Image-text web data
· · · · ·
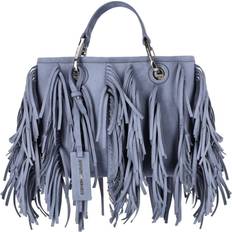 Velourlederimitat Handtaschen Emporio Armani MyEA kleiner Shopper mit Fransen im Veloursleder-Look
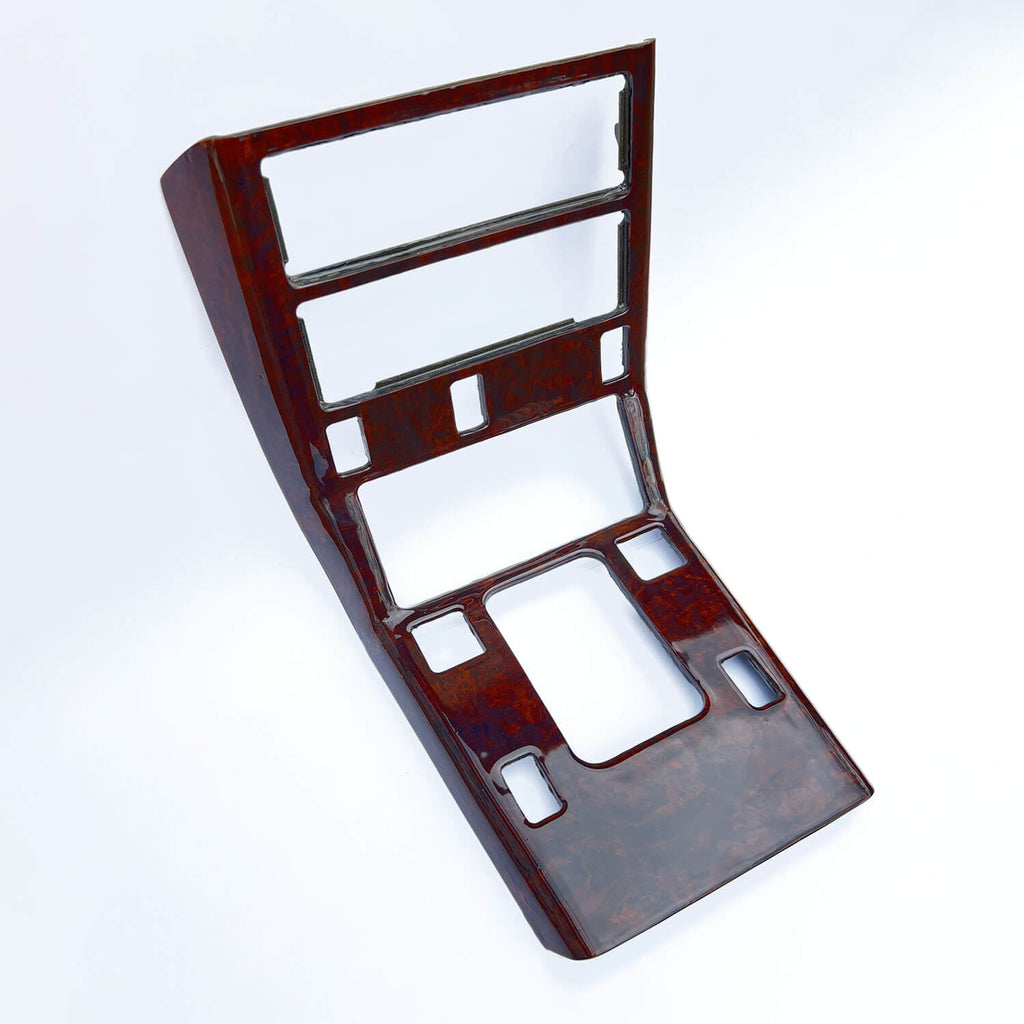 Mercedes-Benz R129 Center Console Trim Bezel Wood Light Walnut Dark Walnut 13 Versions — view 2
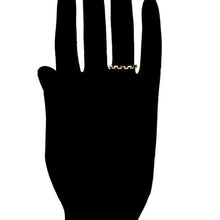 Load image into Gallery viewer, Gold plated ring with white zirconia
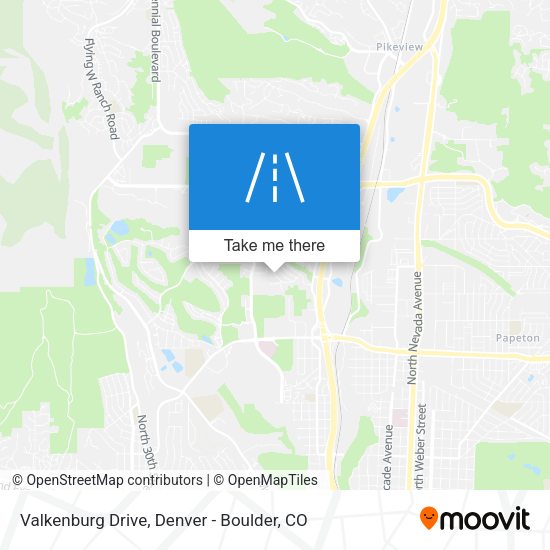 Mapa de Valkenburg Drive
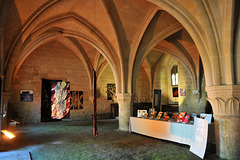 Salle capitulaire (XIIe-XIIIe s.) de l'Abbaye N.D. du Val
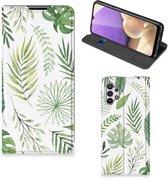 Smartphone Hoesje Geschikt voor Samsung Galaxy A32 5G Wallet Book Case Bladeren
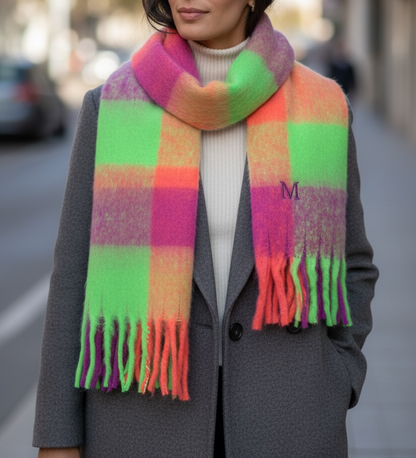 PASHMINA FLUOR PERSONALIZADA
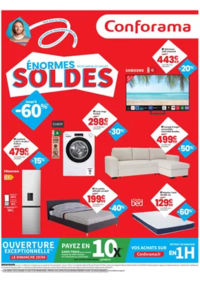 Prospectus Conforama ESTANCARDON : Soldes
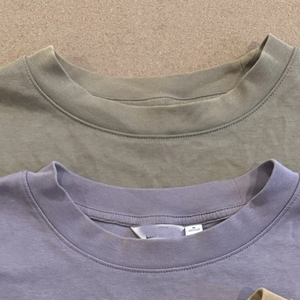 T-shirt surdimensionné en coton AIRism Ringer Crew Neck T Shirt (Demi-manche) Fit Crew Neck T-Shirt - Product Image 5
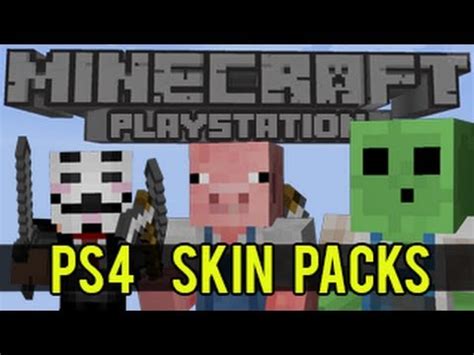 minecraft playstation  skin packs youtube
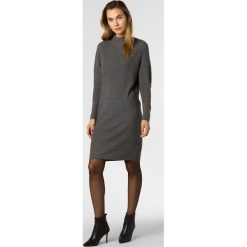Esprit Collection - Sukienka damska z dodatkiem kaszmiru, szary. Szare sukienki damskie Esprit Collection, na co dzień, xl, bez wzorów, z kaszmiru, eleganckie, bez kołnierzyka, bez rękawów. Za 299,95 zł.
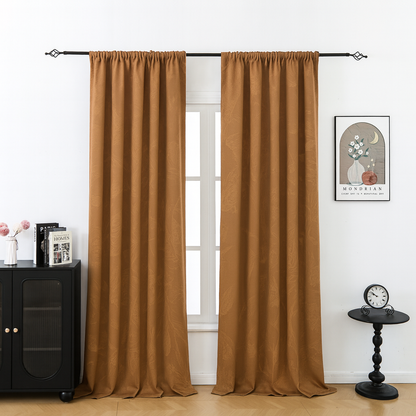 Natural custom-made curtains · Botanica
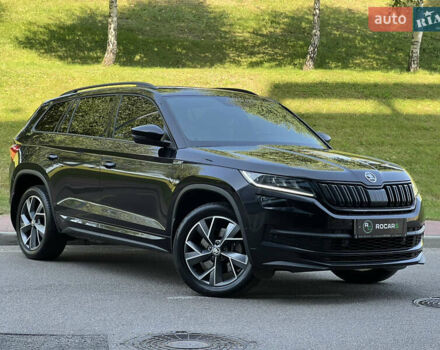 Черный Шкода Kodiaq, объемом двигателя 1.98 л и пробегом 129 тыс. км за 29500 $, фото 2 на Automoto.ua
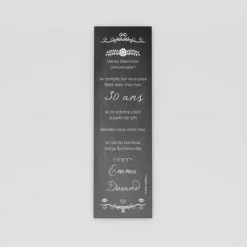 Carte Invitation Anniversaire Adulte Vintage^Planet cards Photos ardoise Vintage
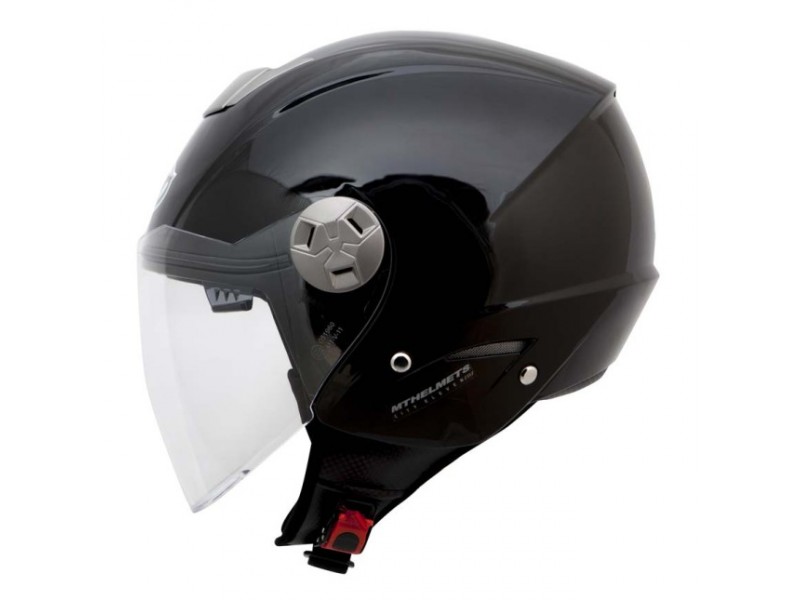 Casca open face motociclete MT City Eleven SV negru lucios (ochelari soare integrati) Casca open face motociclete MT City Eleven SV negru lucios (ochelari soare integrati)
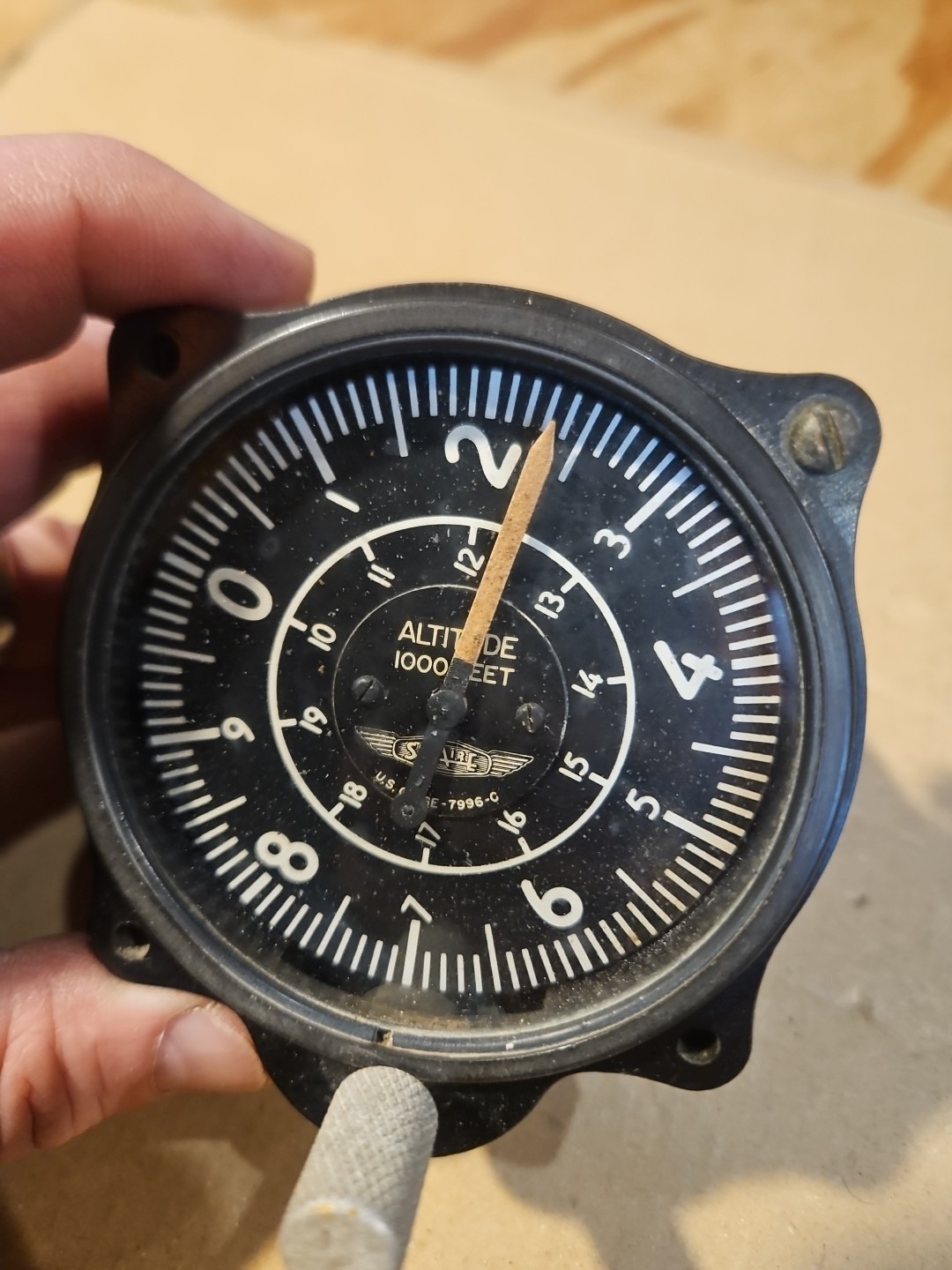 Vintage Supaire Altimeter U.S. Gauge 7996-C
· · · · ·
:: Directions ::
The copy must start at the line containing "Load image into" and end at the last line of the records, matching each line exactly and holding no pictures.

:: Answer to the exercise ::
 Load image into Gallery viewer, Gold plated ring with white zirconia
 Mapa de Valkenburg Drive
 Salle capitulaire (XIIe-XIIIe s.) de l'Abbaye N.D. du Val
 Smartphone Hoesje Geschikt voor Samsung Galaxy A32 5G Wallet Book Case Bladeren
 PASHMINA FLUOR PERSONALIZADA
 Prospectus Conforama ESTANCARDON : Soldes
 T-shirt surdimensionné en coton AIRism Ringer Crew Neck T Shirt (Demi-manche) Fit Crew Neck T-Shirt - Product Image 5
 minecraft playstation  skin packs youtube
Esprit Collection - Sukienka damska z dodatkiem kaszmiru, szary. Szare sukienki damskie Esprit Collection, na co dzień, xl, bez wzorów, z kaszmiru, eleganckie, bez kołnierzyka, bez rękawów. Za 299,95 zł.
 Natural custom-made curtains · Botanica
 Черный Шкода Kodiaq, объемом двигателя 1.98 л и пробегом 129 тыс. км за 29500 $, фото 2 на Automoto.ua
 Carte Invitation Anniversaire Adulte Vintage^Planet cards Photos ardoise Vintage
 Casca open face motociclete MT City Eleven SV negru lucios (ochelari soare integrati) Casca open face motociclete MT City Eleven SV negru lucios (ochelari soare integrati)
 Vintage Supaire Altimeter U.S. Gauge 7996-C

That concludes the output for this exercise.